With the soldier standing at the door with a rifle, one of the engineers in a maroon leather jacket and both in faux reptile-skin, square-toed shoes, and the stacks of cash on the table — about $250,000 worth of dinars, eventually stuffed into a garbage bag — the scene had all the trappings of a cocaine deal. Or could be the set of HBO’s mobster hit “The Sopranos” — if New Jersey’s Tony Soprano was ever to do a deal in dinars.

But really the money was for payments on two bridges, a community center, a school and a water treatment facility. And the civil affairs team was hammering out the details with the sheik of how future projects will be handled, such as the bidding process.

Basically it was a discussion on how to make sure the council is considered legitimate.

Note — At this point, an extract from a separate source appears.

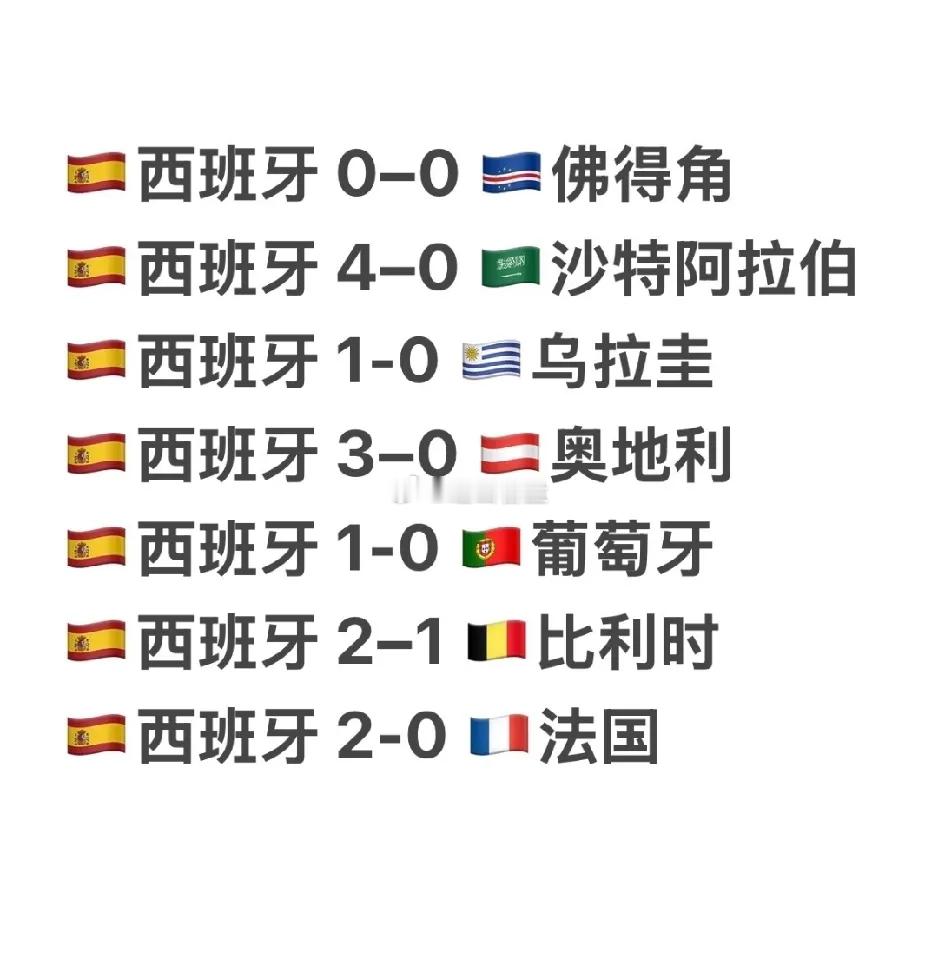 这届世界杯后会记得冠军和佛得角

Pillai explained that the system needs to be fair and transparent.

“You have to make everything public knowledge. Everything should be written down,” he lectured. “There have to be standards — not just ‘I don’t like this person.’ ”

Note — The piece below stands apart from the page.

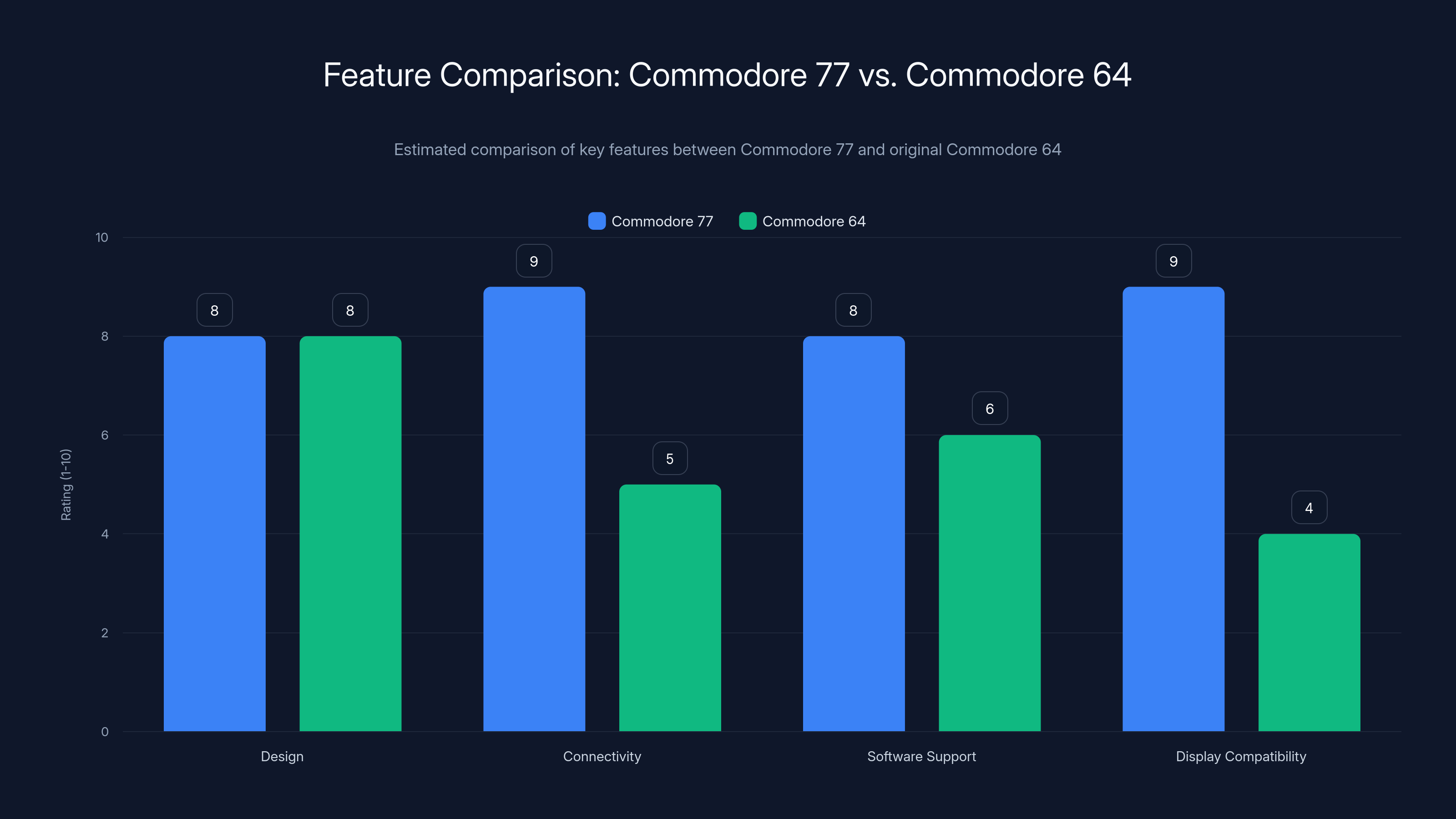 Feature Comparison: Commodore 77 vs. Commodore 64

In the beginning, the council will handle 10 reconstruction projects every two weeks. The money for each project, from both coalition forces and the Iraqi government, is controlled by the council. They decide how it’s going to be spent.

“We’re teaching them to account for the money, so when American money goes away they can handle the whole process on their own,” Horst said.

The civil affairs team stressed that the rules of the bidding process need to be decided up front and then made readily available to the public.

Pillai told the sheik that being a Jazeera company, with local workers, should be part of the criteria for bidding on a project.

“It’s important for the Jazeera Council that people see that the council is providing opportunities for its people,” Pillai said.

The civil affairs team talked about the importance of not accepting bribes and instructed that anyone who offered one would lose their privileges to bid on projects.

“Take this information and make sure the other members of the council understand the process,” Horst said as the meeting wrapped up.

Emphasizing the importance of getting the process right, Pillai told the sheik the council will be the model for the region, saying “all the procedures that you develop are going to be copied all over Ramadi and Anbar.”

The ins and outs of the Jazeera Council

The Jazeera Council, though similar to a city council, is not an elected body.

It consists of the head sheiks in the area.

“Keeping in mind everything is still tribal centric, we formed it around the tribes,” Army Capt. Chad Pillai said.

A sheik is selected to become leader of the tribe by a vote among his fellow sheiks, so there is some sort of election process, Pillai said.

The president of the council, Sheik Mohammed Farhan Al-Hayis, said having all sheiks on the council will be readily accepted by Jazeera residents.

“Before they came to us to solve their problems,” he said through an interpreter. “Now it’s just more official.”

Right now the council meets at a private home, but eventually it will gather at one of the new government centers in the works for Jazeera.

Marine Maj. Derek Horst describes the council right now as an infant.

“It needs direction, needs someone there to back it up. But it’ll progress fairly quickly,” he said. “Twelve months from now it will be pretty interesting to see how it’s doing.”